PARBOABOA, Jakarta - Neraca perdagangan Indonesia pada bulan Agustus 2023 kembali mencatatkan surplus sebesar USD 3,12 miliar atau sekitar Rp48,048 triliun (kurs 1 USD = Rp15.400). Hal ini terjadi di tengah risiko perlambatan ekonomi global.
Kepala Badan Kebijakan Fiskal, Kementerian Keuangan, Febrio Kacaribu, menyatakan bahwa neraca perdagangan Indonesia menunjukkan kelanjutan dari resiliensi yang perlu ditingkatkan.
Hingga akhir Agustus 2023, surplus neraca perdagangan telah mencapai USD 24,34 miliar.
Pada Agustus 2023, nilai ekspor mencapai USD 22 miliar, mengalami kontraksi sebesar 21,21 persen dibandingkan dengan periode yang sama tahun sebelumnya.
Penurunan ini utamanya disebabkan oleh berkurangnya ekspor dari semua sektor. Secara kumulatif, ekspor dari Januari hingga Agustus 2023 mencapai USD 171,52 miliar.
Sementara itu, impor pada bulan Agustus 2023 mencapai USD 18,88 miliar, mengalami kontraksi sebesar 14,77 persen jika dibandingkan dengan tahun sebelumnya (year on year/yoy).
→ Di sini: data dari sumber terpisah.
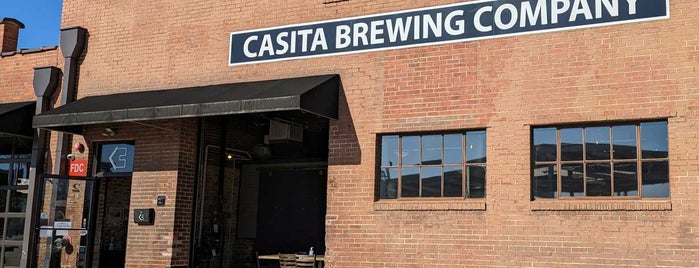 Casita Brewing Company is one of Lugares favoritos de Tom.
Kontraksi ini terutama disebabkan oleh penurunan impor bahan baku/penolong dan barang modal, meskipun impor barang konsumsi masih tumbuh sebesar 15,47 persen (yoy). Secara kumulatif, impor dari Januari hingga Agustus 2023 mencapai USD 147,18 miliar.
Aktivitas Ekspor
Perlambatan dalam kinerja ekspor tidak hanya terjadi di Indonesia melainkan juga merambah banyak negara, bahkan selama periode Januari-Agustus 2023 ekspor Tiongkok dan India mengalami kontraksi.
Di wilayah ASEAN, Vietnam juga mencatatkan penurunan dalam ekspor selama periode yang sama, sedangkan Malaysia dan Thailand mengalami kontraksi hingga Juli 2023. Hal ini mencerminkan bahwa dampak dari perlambatan ekonomi global telah menyebar secara luas.
Meskipun pertumbuhan ekspor Indonesia secara nilai termoderasi, namun masih menunjukkan peningkatan secara volume.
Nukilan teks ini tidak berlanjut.